Значит, если чего-то не понимаешь, то выход только один: постарайся понять, усвоить, приложи свои усилия, подучись. Не надейся, что это за тебя сделает кто-то другой. Другие товарищи могут тебе помочь (и они по­могают), могут тебе что-то подсказать, посоветовать, но основное, главное ты должен сделать все же сам,

Я, разумеется, знаю, что в работе наших литератур­ных консультаций не все обстоит благополучно. Я стою за то, чтобы эти консультации работали гораздо лучше, чтобы они не просто отписывались (что иногда случает­ся), а чтобы они действительно помогали начинающим поэтам разобраться в их ошибках и недочетах. Все это совершенно верно.
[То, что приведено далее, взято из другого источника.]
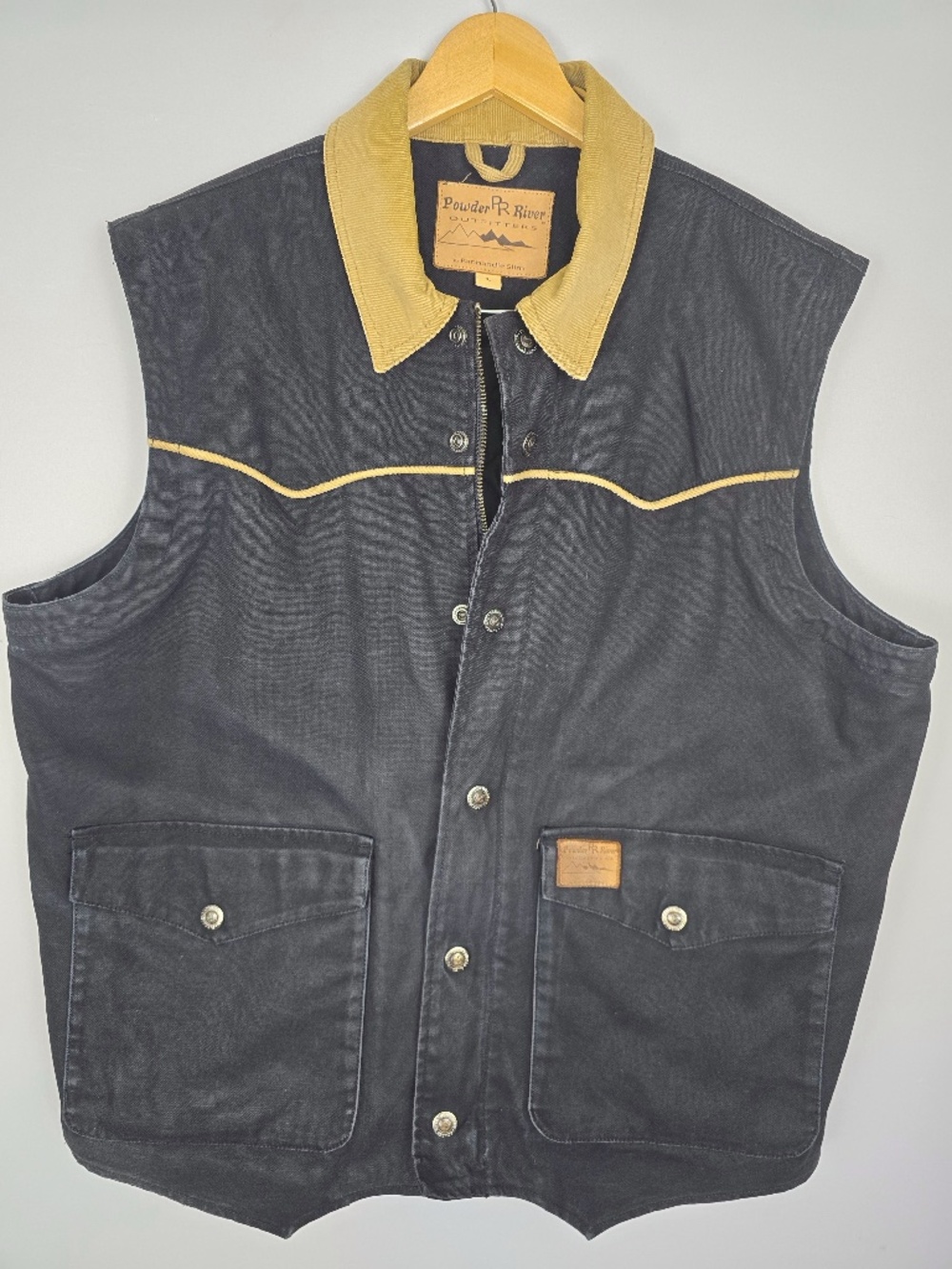 Vintage Powder River Outfitters Western Vest Mens L Insulated Liner Black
Но я не могу обойти и того факта, что в жалобах начинающих поэтов на литературные консультации и редакции журналов часто сквозит непо­нимание, несправедливость и даже демагогия, хотя, быть может, и неосознанная.

4

В начале этих заметок я уже говорил о том, что «сек­рет» поэтического творчества поэт может открыть толь­ко сам, и притом в самом себе, что никто другой вместо него не может этого сделать.

Открыть «секрет» поэзии—это значит определить свое место в ней, понять, что именно ты можешь сделать в поэзии и какими поэтическими средствами для этого располагаешь, уметь использовать эти средства с макси­мальным результатом. Но и это далеко еще не все. Даже в пределах поэзии, создаваемой одним и тем же человеком, нельзя пользоваться одним и тем же «секре­том», открытым раз и навсегда. Такого «секрета» быть не может. В каждом отдельном произведении поэта — если, конечно, это произведение по-настоящему талант­ливо — заключен уже свой особый «секрет».
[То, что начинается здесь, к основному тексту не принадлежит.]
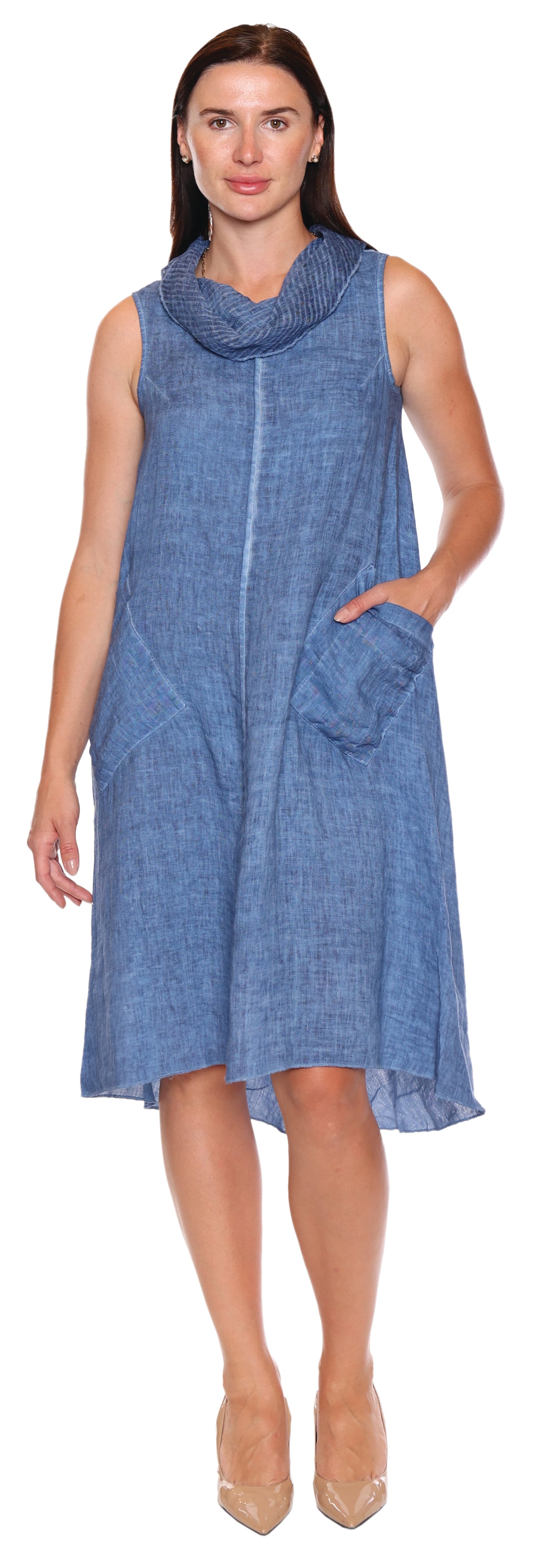 Papa Fashions Spring 2025-L4990-Dress-Denim - The Coach Pyramids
Я говорил здесь о «секрете» стихотворения Некрасо­ва «Несжатая полоса». Стихотворение это, оставаясь целиком «некрасовским», то есть будучи написанным так, как мог написать только Некрасов, а не кто-либо другой, в то же время отличается от всех других его стихов и, в частности, скажем, от стихотворения «Трой­ка» («Что так жадно глядишь на дорогу»). В этом по­следнем заложен уже другой «секрет»—тоже некрасов­ский, но все же другой, обусловленный тем, что Некра­сов имел здесь дело с другим жизненным материалом и потому должен был найти другой способ выражения его, найти другие словесные краски и интонации, внести в стихотворение другую поэтическую идею. «Секрет» «Несжатой полосы» здесь уж никак не годился.
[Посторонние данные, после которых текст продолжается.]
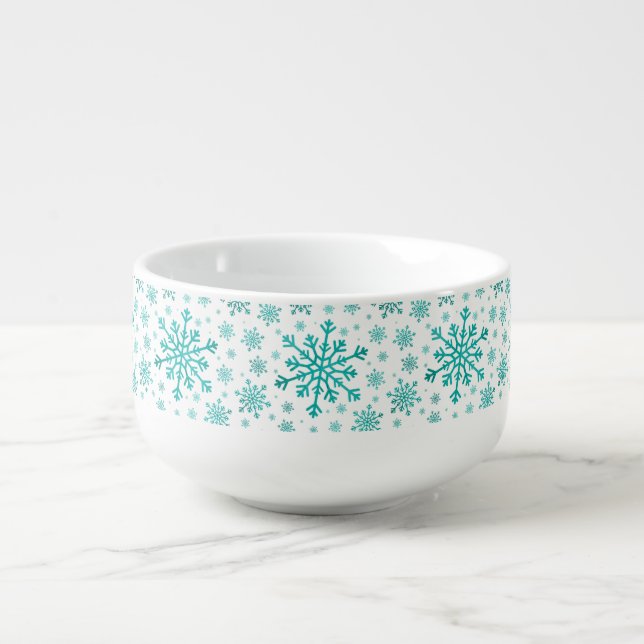 Pretty Green Christmas Snowflakes on Winter White Soup Mug (Front)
Этим самым я хочу сказать, что поэт все время дол­жен двигаться вперед, находить все новые и новые спо­собы отображения действительности, обогащать поэзию все новыми и новыми поэтическими находками, откры­вать все новые и новые «секреты» поэзии. И только в таком случае его стихи будут разнообразными, интерес­ными, самобытными, по-настоящему хорошими.

Но повторяю, что человек может достигнуть этого лишь при условии, если он, во-первых, обладает поэти­ческими способностями и, во-вторых, если он в доста­точной степени подготовлен, если он обладает необходимым количеством знаний и работает не вслепую, а твердо знает, что он должен сделать и как сделать.